IN SUCCESSIVE governments, Gujarat’s agriculture ministers have come from Assembly segments falling in the Amreli parliamentary constituency. But, say Amreli’s cotton farmers, that has hardly meant any change in their fate.
Battling a second poor monsoon and “low” prices for their produce, Bhavesh Kanak says farmers like him in one of Gujarat’s largest cotton producing districts are disillusioned with both the BJP and Congress. “Politicians are all the same. I don’t feel like voting this time.”
A farmer owning 1 hectare in Navakhijadiya village of Amreli taluka, Kanak recounts a visit to the Agricultural Produce Market Committee (AMPC) with his 41 bales of cotton. The 35-year-old returned without selling any, with the offer price going up to only Rs 5,250 per quintal. “This harvest of around 18 quintals is the fruit of toil of my family,” says Kanak. “I can’t sell it below Rs 5,400.
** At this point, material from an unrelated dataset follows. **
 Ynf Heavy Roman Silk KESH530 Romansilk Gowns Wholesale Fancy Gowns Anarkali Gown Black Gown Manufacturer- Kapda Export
In the 2017 Assembly elections, some of that anger had translated into the BJP’s shock defeat from Amreli. The Congress had won all the five Assembly segments falling in the Lok Sabha seat, the first time the BJP had been shut out of Amreli in 32 years. The Congress’s performance was also helped by the Patidar agitation led by Hardik Patel. With Hardik indicating he could contest from Amreli in the coming elections, the contest is again open.
The Amreli Lok Sabha seat has long been a BJP bastion, with the party winning it in 1991, 1996, 1998, 1999 and again in 2009 and 2014. The Congress won in 2004.
Amreli is one of the 11 districts of the largely agrarian Saurashtra region. Farmers and cattle-herders dominate, as do the Patidars or Patels. A rough estimate puts their number at 23 per cent of the voters, followed by Kolis at 20 per cent.
The 2017 Assembly results were in line with the BJP’s defeat in the 2015 local elections in the district, months after the Patidar quota stir was launched.
Dhiru Javiya, who owns 1.25 hectares in Ankadiya Nana village of Amreli taluka, doubts, however, that Hardik will be as big a factor this time. “Hardik is a Kadva Patel (a Patidar sub-group). Our district is of Leuva Patels. If he contests and the rival candidate is a Leuva Patel, the district will vote for the latter, unless Paresh Dhanani himself throws his weight behind Hardik,” he says.
Dhanani has won the Amreli Assembly seat the past two times for the Congress.
But at a tea stall in Amreli town, plumber Mansukh Chavda and his friends say Hardik may end up hurting the Congress. “People will think Hardik will work only for the Patels and not vote for him,” says Chavda.
Arjun Sosa, the president of the Amreli district unit of the Congress, insists the party candidate has not been decided yet.
Sitting BJP MP Naran Kachhadiya, who has hit the road, denies farmers are angry. “We have ensured crop insurance every year. Work is on under PM KISAN.”
Playing down any Hardik ‘effect’, Kachhadiya adds, “PM Modi has already announced 10 per cent reservation for those who are not eligible for caste-based reservations. This means the Patidar quota stir is over.”